Сам монарх в своей креатуре носил скромный сан протодьякона. Памятуя о любви самодержца к централизации и структурализации, ничуть не странным для нас будет читать подробный устав, регламентировавший порядок функционирования Всешутейшего собора. Устав писался как серьезная государственная бумага, с большой правовой грамотностью и пристрастием. Василий Осипович Ключевский, размышляя над тем, как веселились петровские подданные, пишет, что «еще хуже были увеселения, тоже штатные и непристойные до цинизма. Трудно сказать, что было причиной этого, потребность ли в грязном рассеянии после черной работы или непривычка обдумывать свои поступки. Петр старался облечь свой разгул с сотрудниками в канцелярские формы, сделать его постоянным учреждением».
Скрупулезно описывались чины избрания и поставления папы, порядок рукоположения на тот или иной сан.
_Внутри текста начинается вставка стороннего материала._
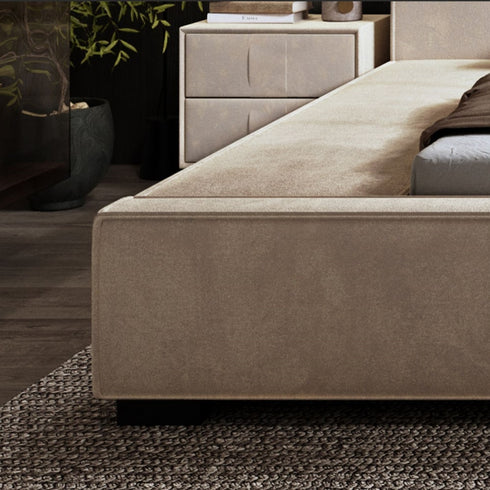 Anais Rectangular Headboard Suede Fabric Bed Frame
Определяющей заповедью было пьянство: под строжайший запрет попал трезвый сон. Выбрав своей целью моление Бахусу и прославление Бахуса, собор подчинялся строгой концепции пьянодействия, «служения Бахусу и честнаго обхождения с крепкими напитками». Строгий порядок контролировал одежды пьющих, образ верной молитвы алкоголю, песнопения. В структуру этой маргинальной организации входили даже женщины: Дарья Гавриловна Ржевская до 1717 года была главной в женской иерархии, нося титул «княжны-игуменьи». Ей на смену пришла Анастасия Петровна Голицына. На ступень ниже стояли «архиигуменьи», затем «игуменьи», «диаконисы» и «монахуйни» («монахини»). Жены «служителей Бахуса» также становились участницами пьяных оргий.
Инициация напоминала обряд древней церкви: оглашенного в процессе «крещения» спрашивали издевательски «Пиеши ли?» взамен «Веруеши ли?» Трезвенники же, объявляемые размножающими ереси, лишались возможности посещать кабаки по всей империи. Анафема ждала «мудрствующих еретиков-пьяноборцев». В. О. Ключевский делал по сумме этих образов такой вывод: «Одним словом, это была неприличнейшая пародия церковной иерархии и церковного богослужения, казавшаяся набожным людям пагубой души, как бы вероотступлением, противление коему – путь к венцу мученическому».